I would like the dietician to speak to parents in private first and work with them. Tell child they need x, y and z in their diet if requested by parents. Also help debunk some of the healthy eating stuff they are learning at school - go into schools pls x
I think every clinician should read this book
Food is the medicine. Recovery is possible.
I think that all young, hopeful, people who wish to help with eating disorders should at least read everything and all the links on this forum, to become well informed on how debilitating this illness is to the child involved and their family.
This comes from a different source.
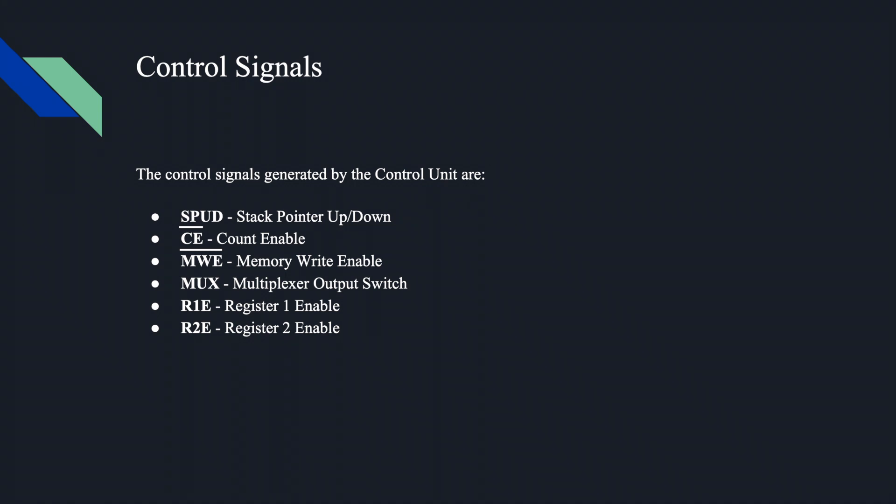R1E and R2E, the register enables, control when the registers latch data at their inputs. Register 1 holds an operand for calculation, and register 2 holds the results of a calculation. Count enable and memory write enable are inverted signals because the enable pins on the chips we used are inverted inputs.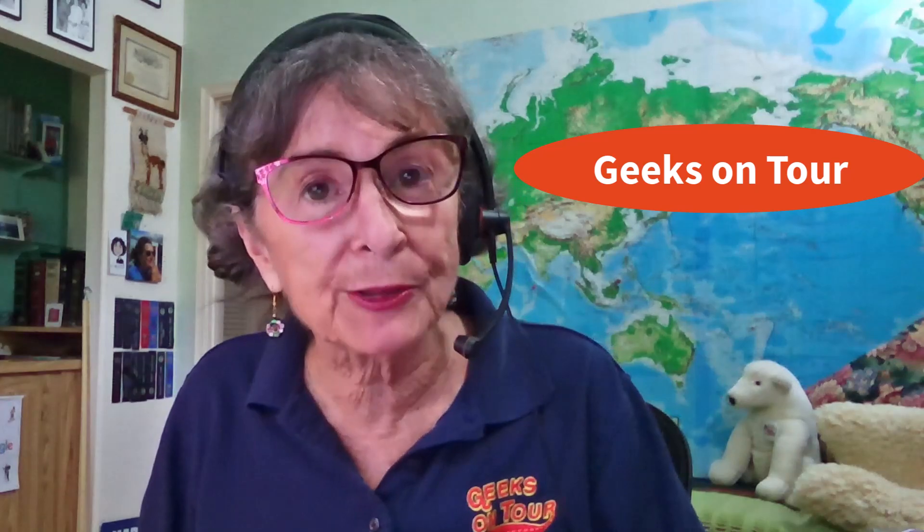Hi, this is Chris Gould with Geeks on Tour, also known as Geeks Who Teach. Now, I know you've been hearing an awful lot about artificial intelligence chatbots. There's currently three main ones: ChatGPT, Microsoft Bing Chat, and Google Bard. I want to make sure you just know how to get to them and ask a question. Let me show you how.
It is a hateful illness that should never afflict any child and their family. But it does and there is little help out there for us in the midst of it.
Except for this forum, which is a lifesaver, emotionally and sanity wise.
Thankyou everyone for all your really useful comments and suggestions. Please keep them coming! Zoe
I have only just started this horrible journey with my son but in the short time I've been on this forum I have learned a LOT. I have read and read and read and read. And what I want a dietician to do is this.........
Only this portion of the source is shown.